Em meio à discussão da reforma tributária na Câmara dos Deputados, começa a ganhar corpo a ideia de ressuscitar a velha CPMF, o imposto sobre movimentações financeiras defenestrado em 2007. Só que, em vez de propor diretamente a recriação do tributo, a ideia do deputado Luiz Carlos Hauly (PSDB-PR), relator da Comissão Especial de Reforma Tributária na Câmara, é turbinar o Imposto sobre Operações Financeiras (IOF), incidente sobre gastos no exterior e operações de crédito, para que ele cumpra, na prática, o mesmo objetivo. “A CPMF é o IOF”, disse Hauly ao Estado, na semana passada. O objetivo é que o IOF seja usado para reduzir o rombo na Previdência Social, em vez de financiar a saúde, como a CPMF. “Seria um imposto de operações e movimentações financeiras, mas para fins previdenciários, pela necessidade de arrecadação deles.”
Hauly afirma que o IOF turbinado deverá ser compensado pela diminuição pela metade das alíquotas do INSS pagas pelos empregadores (22%) e pelos empregados (11%), a ser incluída no projeto de reforma tributária que ele deverá apresentar até o final do ano na Comissão Especial. Ao mesmo tempo, porém, Hauly diz que a intenção com o novo IOF é “ajudar na arrecadação nacional”. “Nossa proposta é levar o IOF para o INSS e resolver o problema de financiamento da Previdência”, afirma. “Tem trabalhador rural sem contribuição definida, seis milhões de trabalhadores do MEI (microempreendedores individuais) que contribuem com R$ 40 por mês, que não cobrem a necessidade da Previdência, milhões de domésticas que começaram a pagar (as contribuições) há dois anos e vão entrar na Previdência e três milhões idosos e deficientes físicos que estão recebendo benefícios de prestação continuada.”
Diante do fracasso das tentativas de ressuscitar a CPMF nos últimos anos, a iniciativa de Hauly parece ser de altíssimo risco. Ao tentar evitar a sua extinção, há nove anos, o ex-presidente Lula sofreu sua maior derrota no Legislativo em seus dois mandatos. Mais recentemente, já no segundo mandato, a ex-presidente Dilma Rousseff chegou a defender a volta do tributo para reforçar o caixa do governo e aliviar a crise fiscal, mas teve de abandonar a proposta antes mesmo de enviá-la ao Congresso Nacional, em razão da rejeição que sofreu por parte dos empresários e de amplos segmentos da sociedade. Na época, a Fiesp, a entidade que reúne os industriais paulistas, lançou a campanha “Não vou pagar o pato” e instalou um pato inflável amarelo no canteiro central da Esplanada dos Ministérios, em Brasília, contra o aumento de impostos e a volta da CPMF. O pato também foi instalado na sede da Fiesp, na avenida Paulista, em São Paulo, e tornou-se personagem de destaque na campanha pelo impeachment de Dilma.

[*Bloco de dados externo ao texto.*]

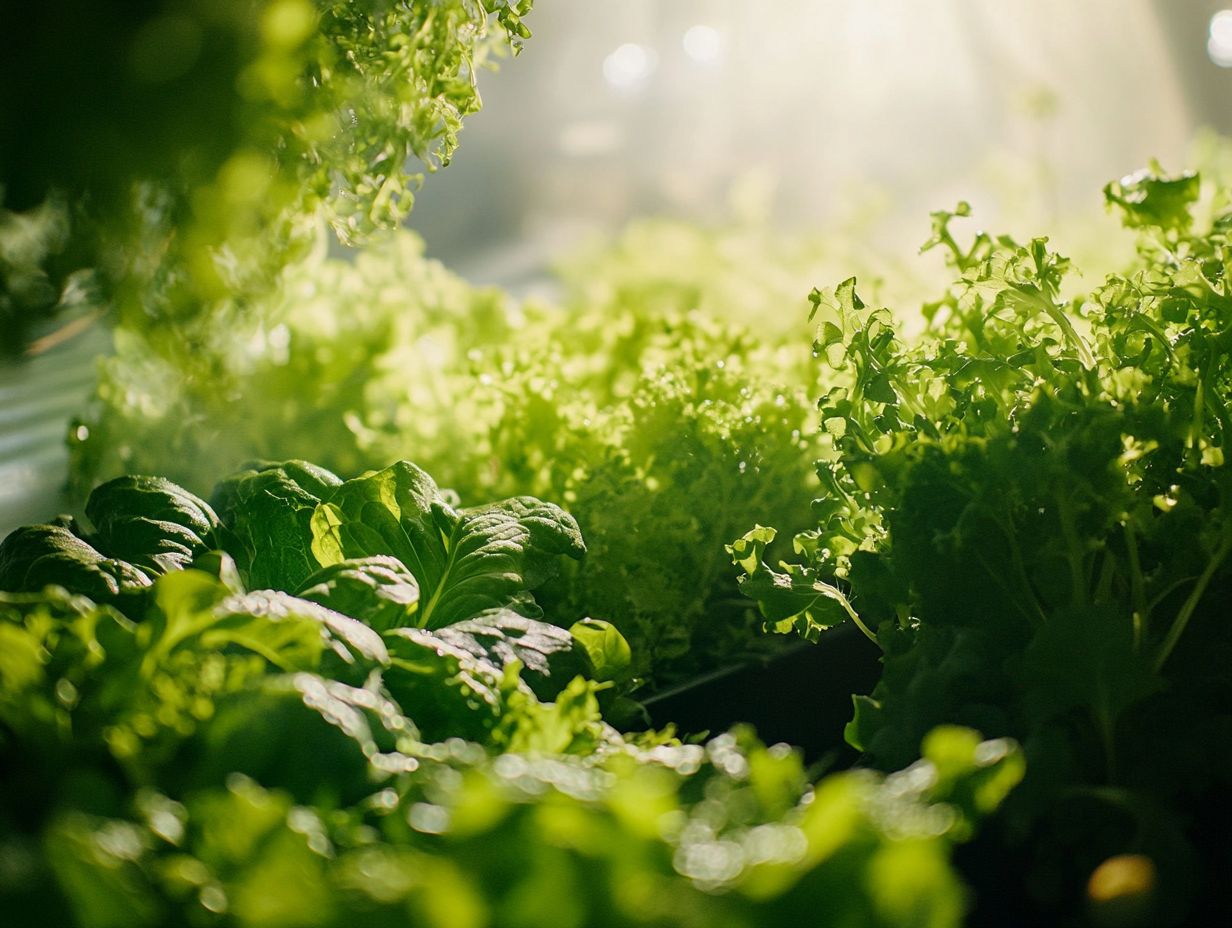 How Can One Get Started with Growing These Greens Hydroponically?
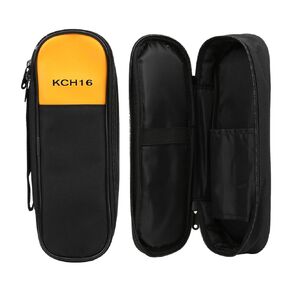 Waterproof Multimeter Case Bag Test KCH16 Portbale Equipment Bag Storage Case Multimeter Accessories for F302, F303, F305
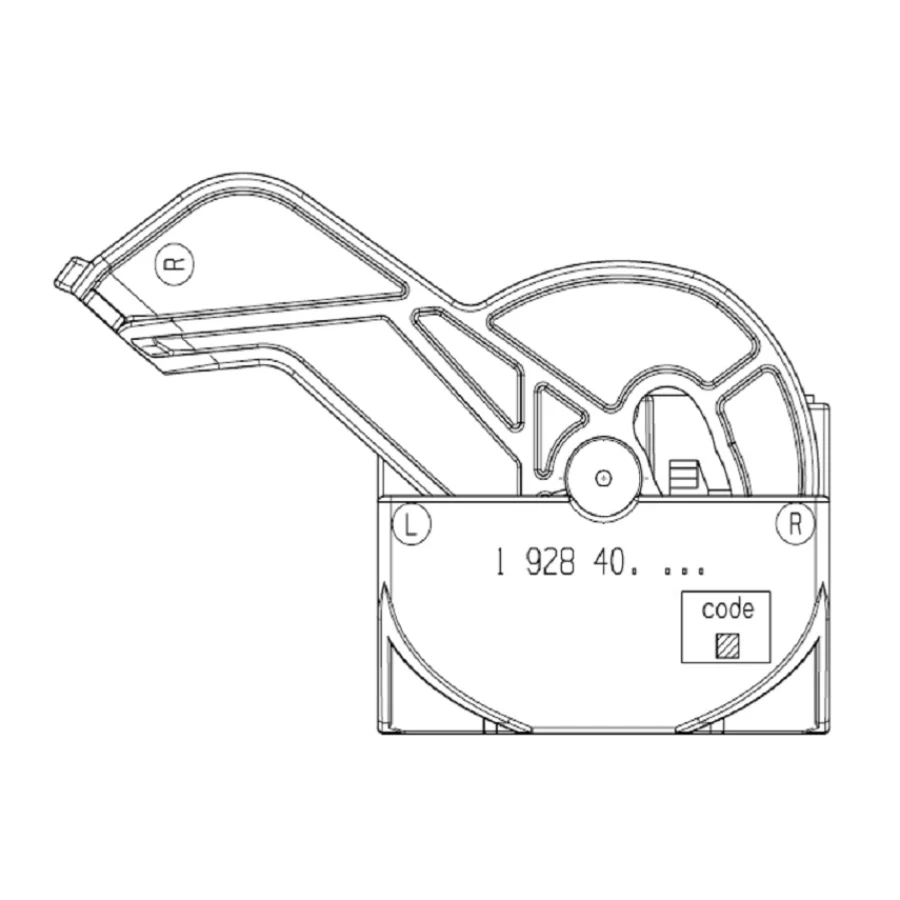 Bosch博世1928405216汽车端子连接器
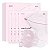 Máscara Facial PDRN Pink Collagen Gel Mask Medicube - CAIXA COM 4 Mask - Imagem 1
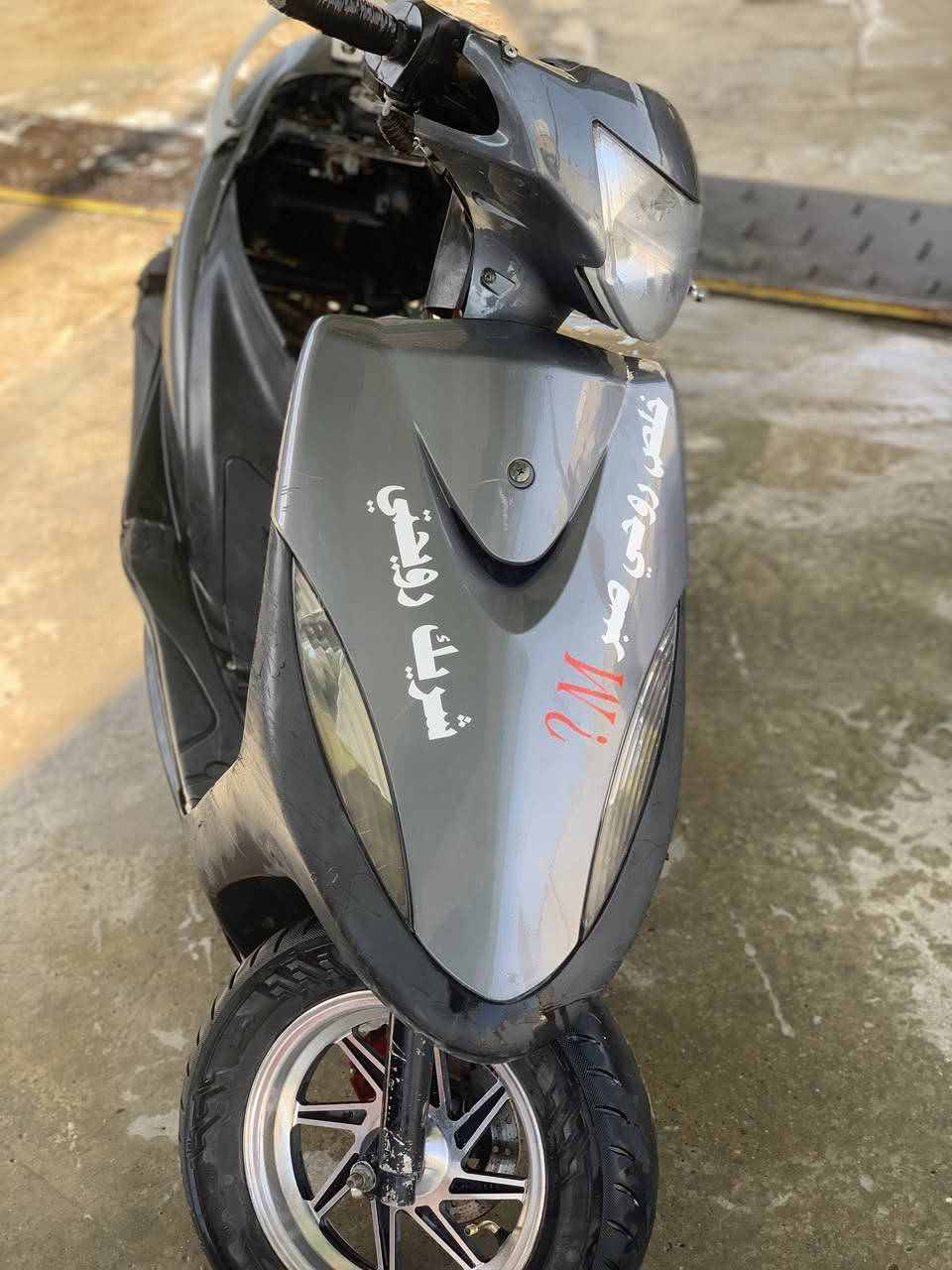 سلام عليكم ماكس عدله للبيع السعر٢٧٥


**إذا كنت صاحب هذا الإعلان وتريد حذفه لأي سبب، رجاءا أرسل رسالة إلى الدعم الفني**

Ao ser questionado se faz sentido repassar para a sociedade a fatura previdenciária, Hauly afirmou que “esse conjunto de pessoas é problema nacional e não só da Previdência”. “Acho que tem um pouco de prevenção (contra a CPMF). Mas não tem outra solução a não ser que o governo pretenda continuar transferindo dinheiro da receita dele para a Previdência”, diz. “Tem que sustentar hoje um contingente de milhões de pessoas que são assistência social e que não são. O trabalhador rural é (assistência) social ou previdenciária, se ele sustenta a economia brasileira com a produção rural? E o autônomo que está na sua casa e na de milhões de brasileiros consertando chuveiro, fogão, geladeira, porta? Tem que fazer o sistema funcionar, ser exequível e o mais justo possível.”
Em meados de outubro, ao assumir o posto de relator da Comissão Especial, em substituição ao deputado André Moura (PSC-SE), líder do governo na Câmara, Hauly defendeu abertamente a volta da CPMF. Depois, talvez para evitar o desgaste inevitável de propor a medida, passou a apoiar a volta da CPMF travestida de IOF. Sobre as críticas de tributaristas em relação à cumulatividade da CPMF, que deverá onerar ainda mais a produção e penalizar os cidadãos, ele declarou: “Já está provado cientificamente que não é um imposto mais cumulativo que o ICMS (Imposto sobre Circulação de Mercadorias e Serviços) e o IPI (Imposto sobre Produtos Industrializados)”. Detalhe: um dos objetivos da reforma tributária de que ele é o relator é justamente eliminar a cumulatividade do IPI e do ICMS, pelos efeitos nocivos que exercem sobre os negócios e a produtividade do País.